Randy: So now you get the consumer feedback, they say “We love it, feels good, we don’t even know it’s on my foot.” Next step? Getting retailers involved, and I’m starting to see the brewery fill up around us here. So you decid we don’t need to go to the retailer, we’ll go to the bar, we’ll invite all these guys to the bar, and we’ll talk about shoes. So tell me a little bit about that thought process. How does Keen put their mind around that? Let’s do this at the brewery?
Rory: We’re from Portland, Ore., so breweries are pretty much in our blood. But Keen’s just a brand that embraces being different and, for us, I think that is why being unique has been so successful for us and will be so successful out in the real world. We’re all about trying to do things differently, putting ourselves out there and risking it. I mean, a lot of people said Uneek would bomb and fail and cut your feet and do all this. But the brand side of it … no one inside the brand ever internally said “no” because they knew it was disruptive and it was different; it was something that maybe the industry needed or maybe consumers needed. They needed a different look on things. For us, like in a design group, it got to the point where part of the inspiration was “well, if we can do this, even if we fail, at least maybe people will look at things differently. So that was always at the back of our minds, because at some point, you get so far down the road, you’re like “is this ever going to end?” Sales sometimes is strong enough to carry you out of that, it’s more of a bigger inspiration.
Randy: I love it, unconventional guy, unconventional product, unconventional question, maybe? I give you the keys to the castle. Now you have all the money in the world, what’s 10 years down the line? Where are you going to go hole up? What are you making? What’s going on in here that’s going to say “we started changing the way things work with this shoe, what’s the evolution of that process?
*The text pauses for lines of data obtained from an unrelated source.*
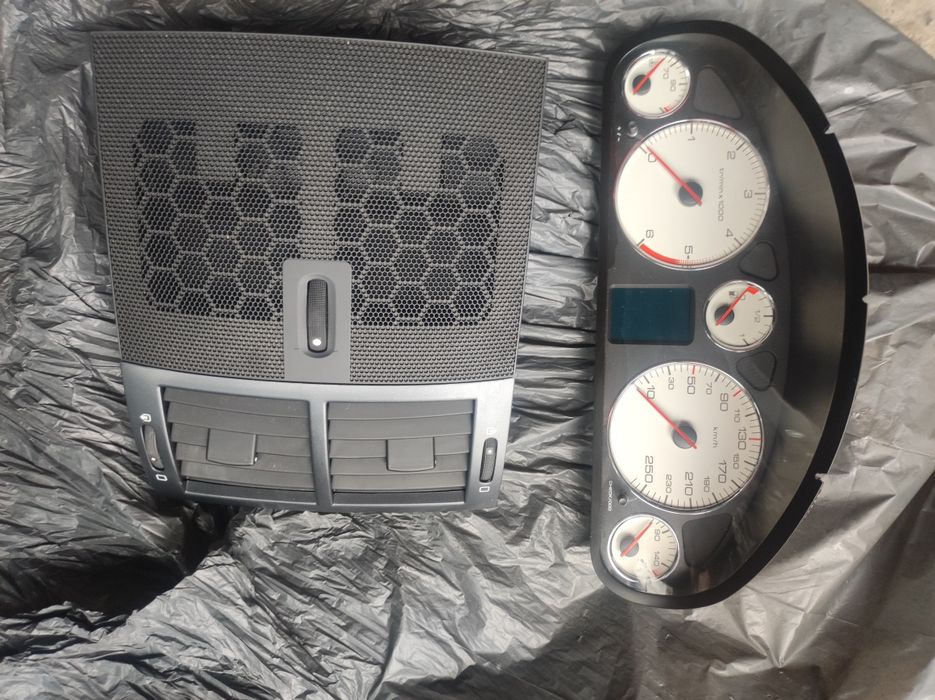 Vând diverse piese Peugeot 407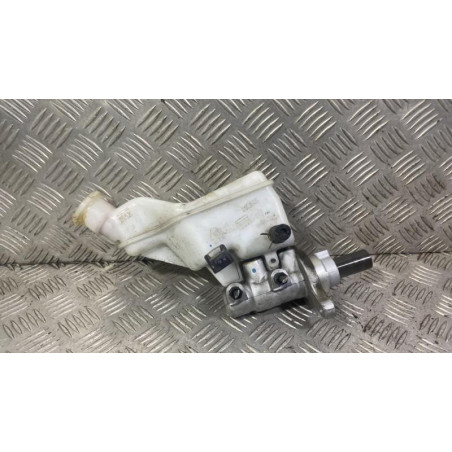 Maitre cylindre (freinage) HYUNDAI I 40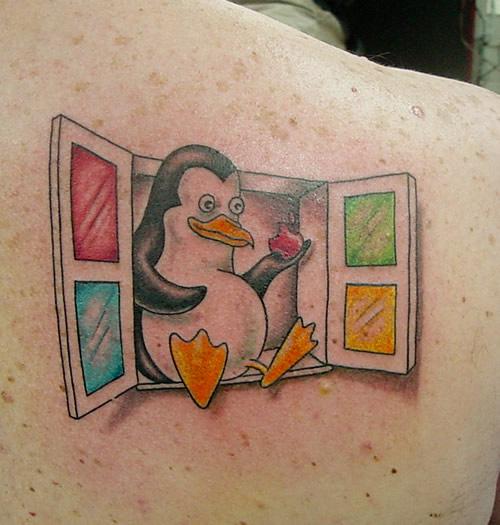 Tux isst ein Apfelfenster-Tattoo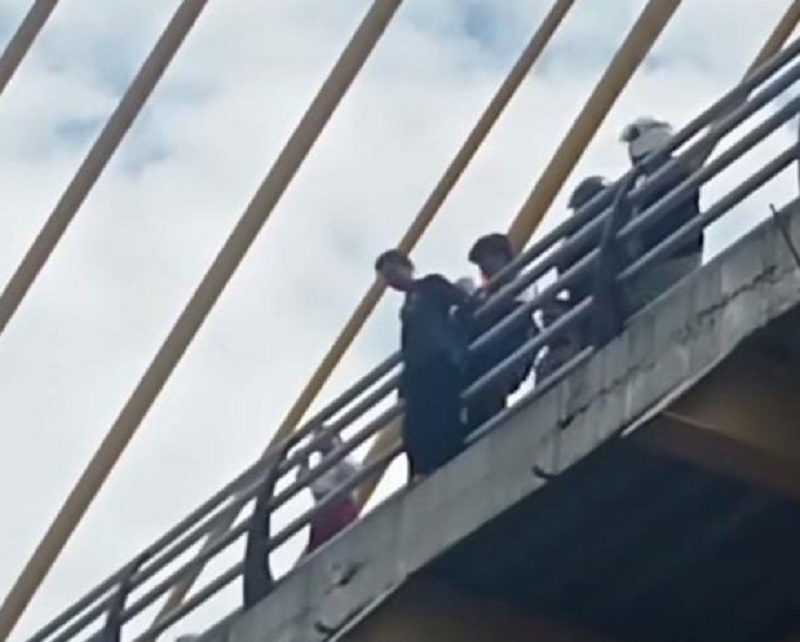 Foto tangkapan layar dari salah satu media sosial di Pekanbaru yang memposting aksi percobaan bunuh diri di Jembatan Siak IV, Selasa (15/4/2025)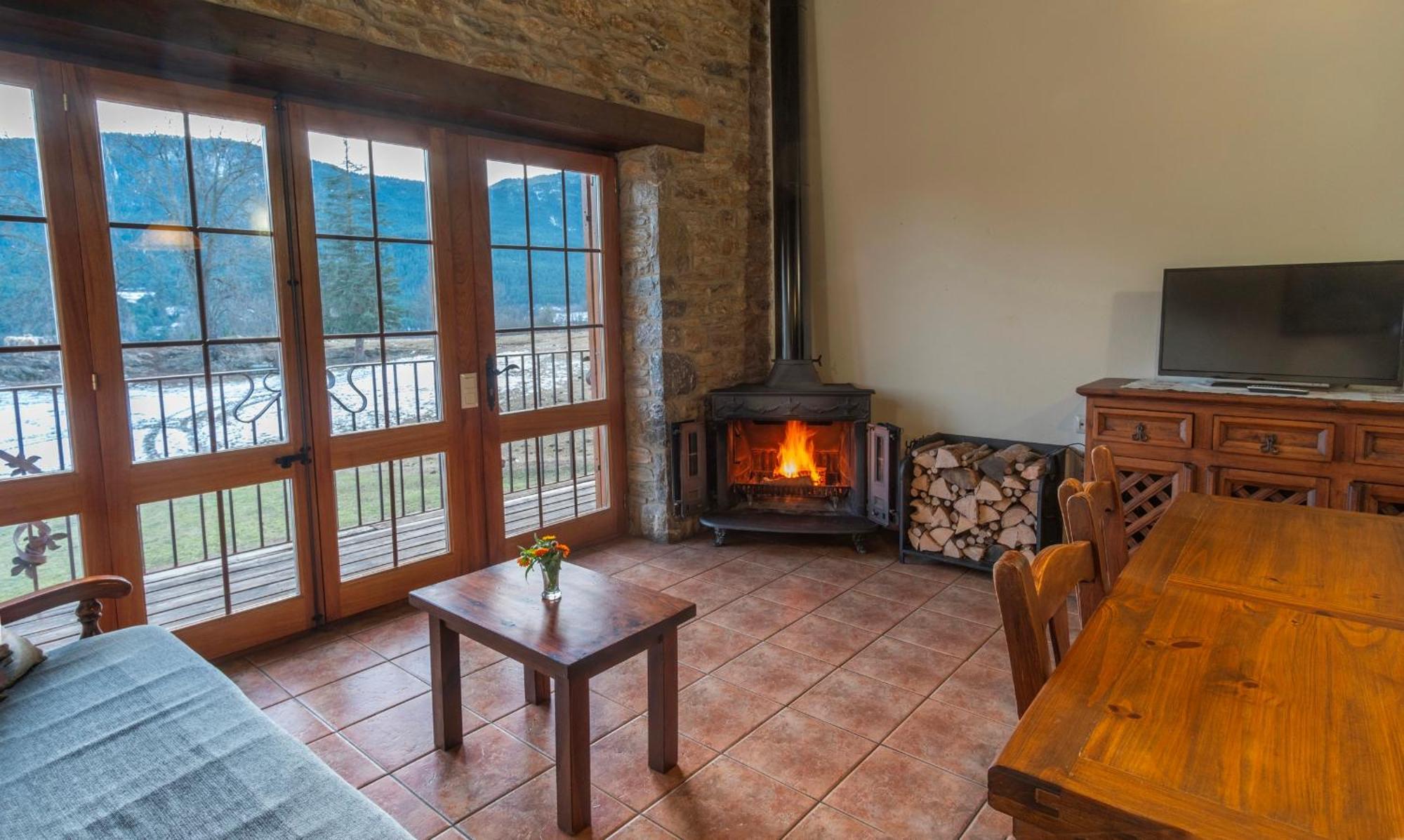 Can Tubau - Casa Rural - Apartaments Campelles Extérieur photo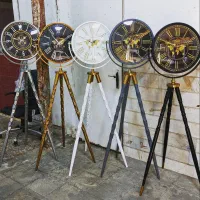 ساعت ایستاده شرکتی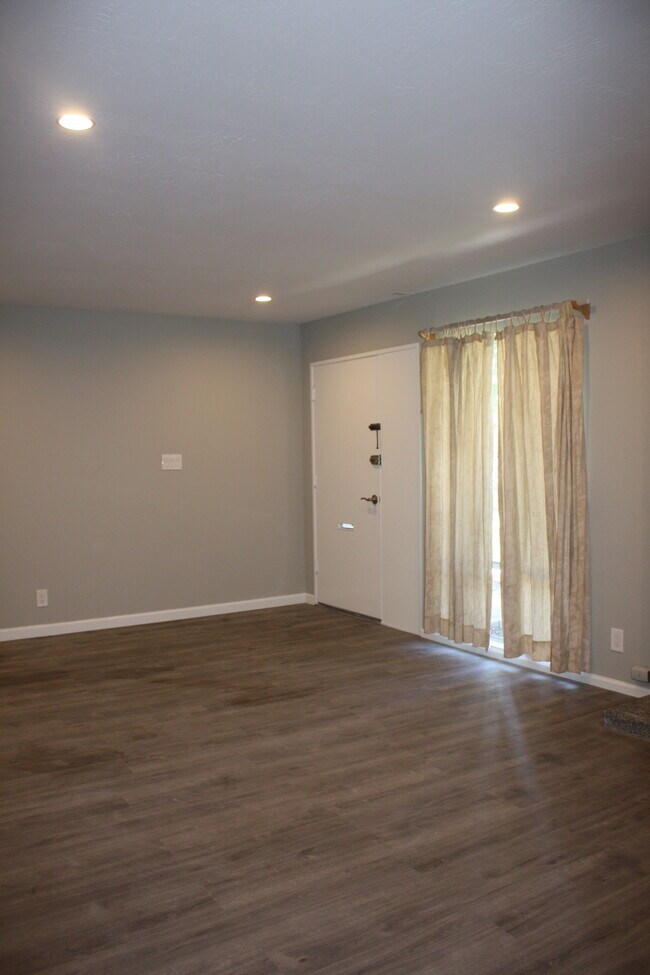Living Room - 3117 El Sereno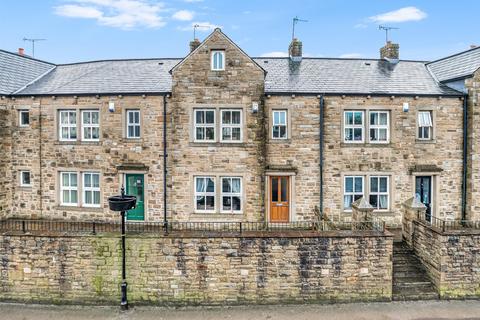 4 bedroom terraced house for sale, Victoria Crescent, Earby, Barnoldswick, Lancashire, BB18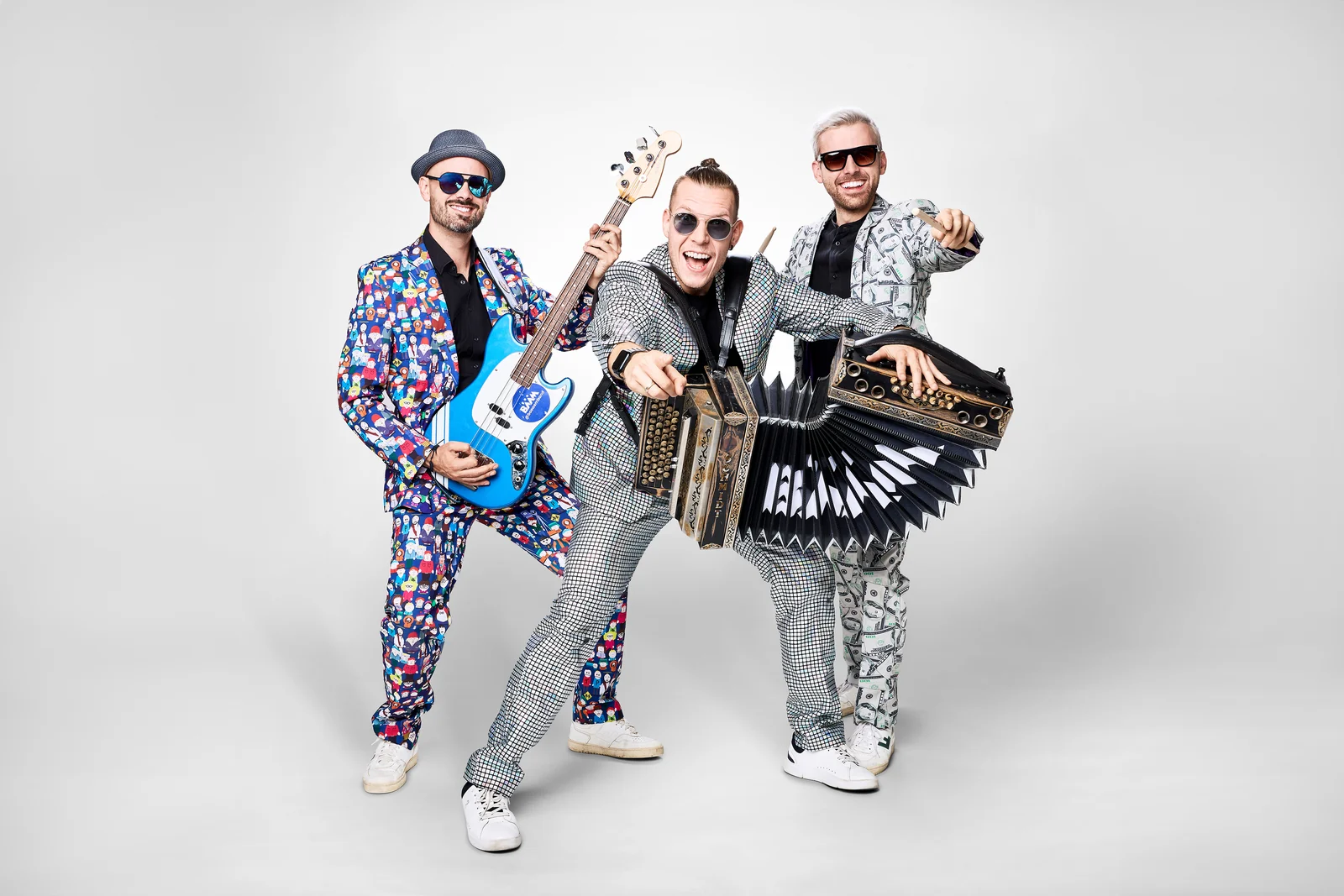 Die drei Musiker der Partyband BÄÄM mit Bass und Harmonikas vor hellem Studiohintergrund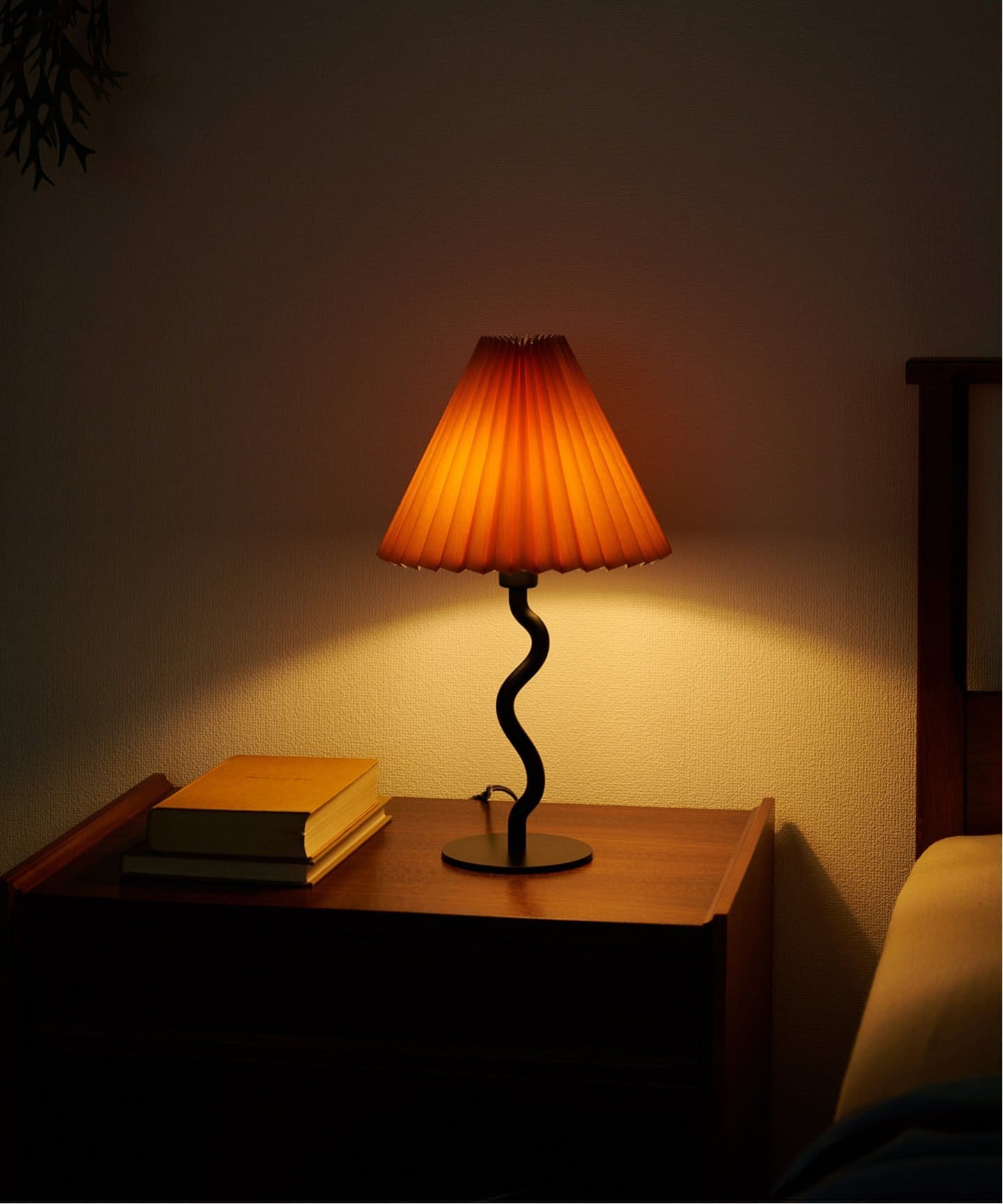 WAVY TABLE LAMP COLOR ウェービー テーブル ランプ（照明）｜JOURNAL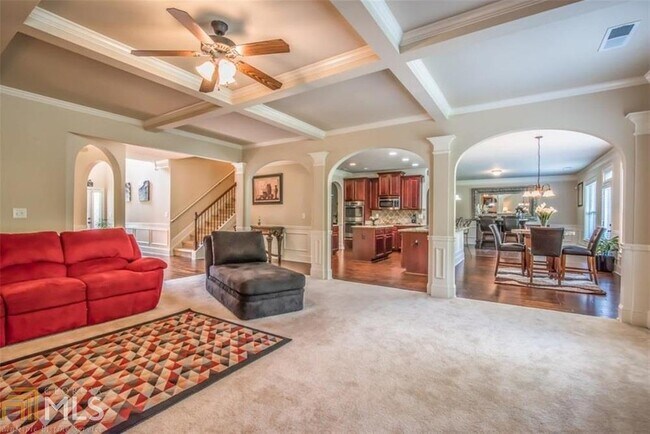 Building Photo - 870 Clifton Springs Cl Dr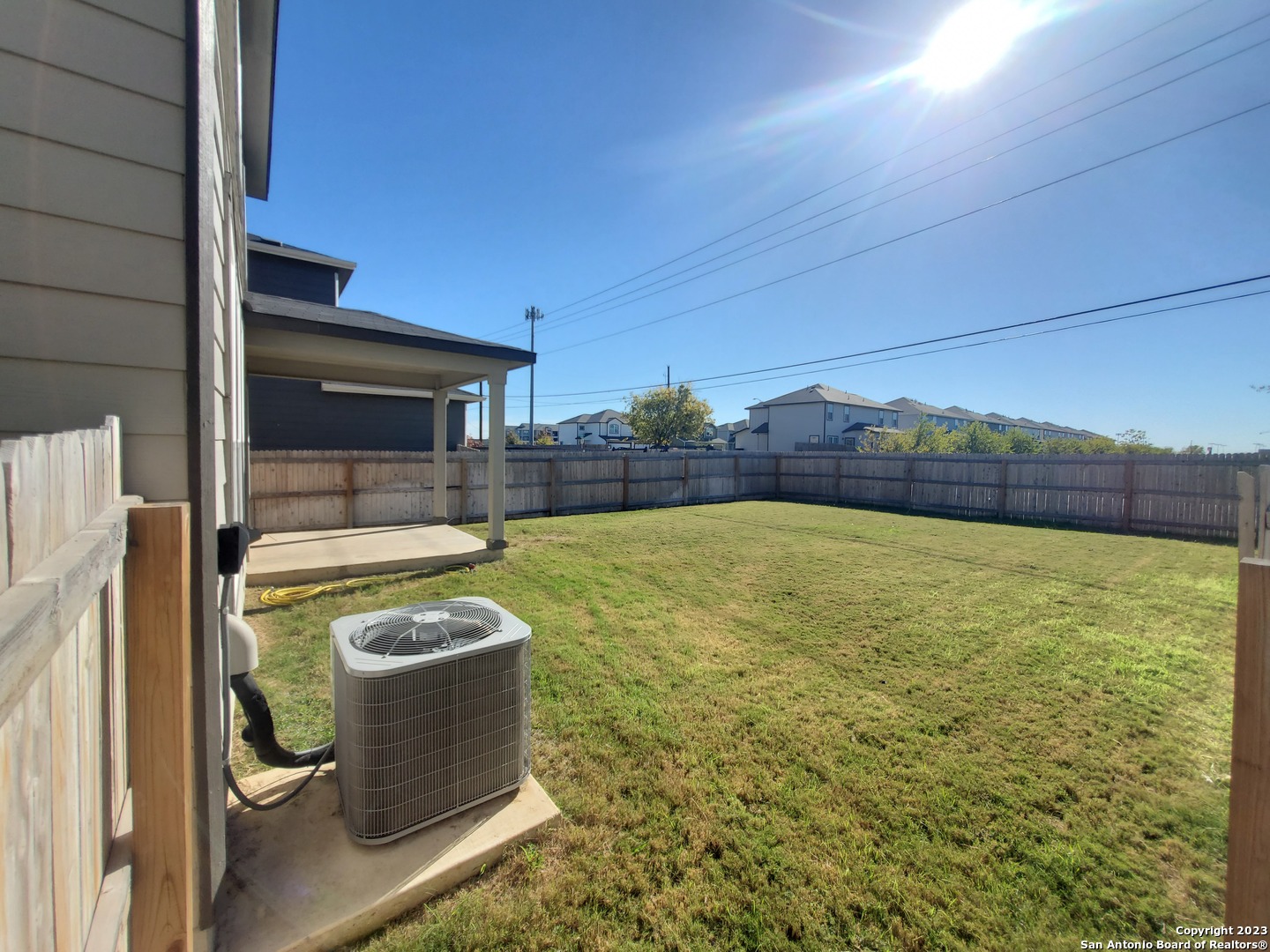 main property photo 15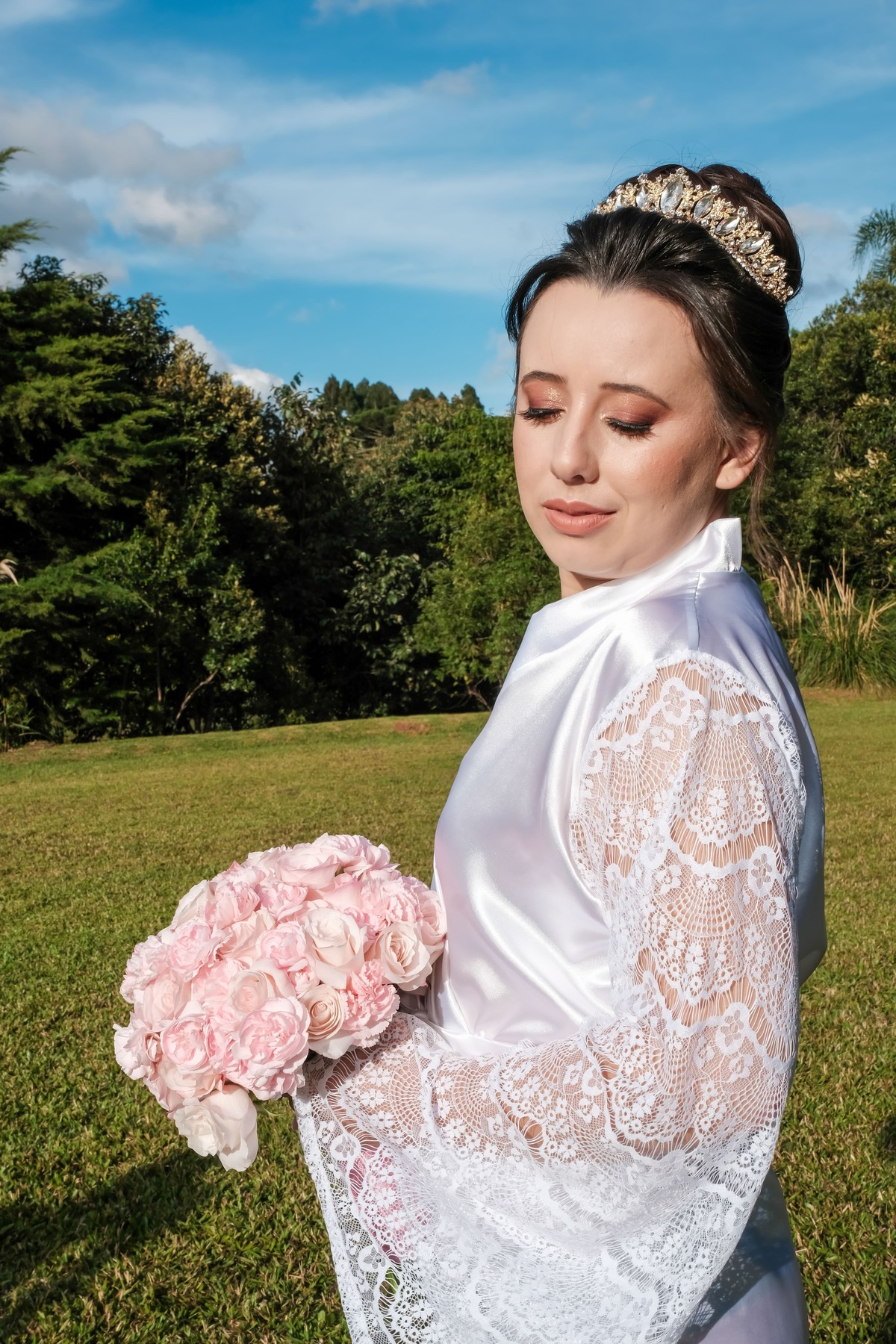 making of noiva mariele chacara illustratti maquiagem beauty leve iluminadora penteado coque classico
Rory: I think in general, and I don’t want to make it a bigger thing and take it to the humanity level, but I think the shoe industry and all industries are going to need to be smarter about the way they do things. I think Uneek is a good example and there’s a lot of good stuff happening in footwear right now where people are starting to look at better ways of making product and thinking about things like carbon offsets and transportation. I don’t know what will happen, but what I’d like to see is people being just a bit more thoughtful in what they’re doing.
Randy: So let’s throw that challenge out there. Keen’s doing it, the rest of the industry needs to do it. We want to see you be innovative, but we want to see you be thoughtful, be thinking about humanity, right? We’ve got to protect us, we’ve got to make footwear that’s cool, that’s unique, but we also got to be sure we’re doing it in the right way. So we’re putting that challenge out there to the outdoor industry, you hear that? Right here, Rory’s saying it and he’s the guy that has the title Innovation Program Lead. I can’t get over that; that’s got to be the coolest job title ever. Did you make that up?
Randy: Even better, I want to be that guy when I grow up. Rory, thank you so much. We really appreciate your time. We’re excited to be here tonight, we’re excited to be a part of this event, can’t wait to see more of your presentation tonight, hang out with a bunch of these retailers. Just keep being unique in and of yourself and keep innovating, man, we appreciate it.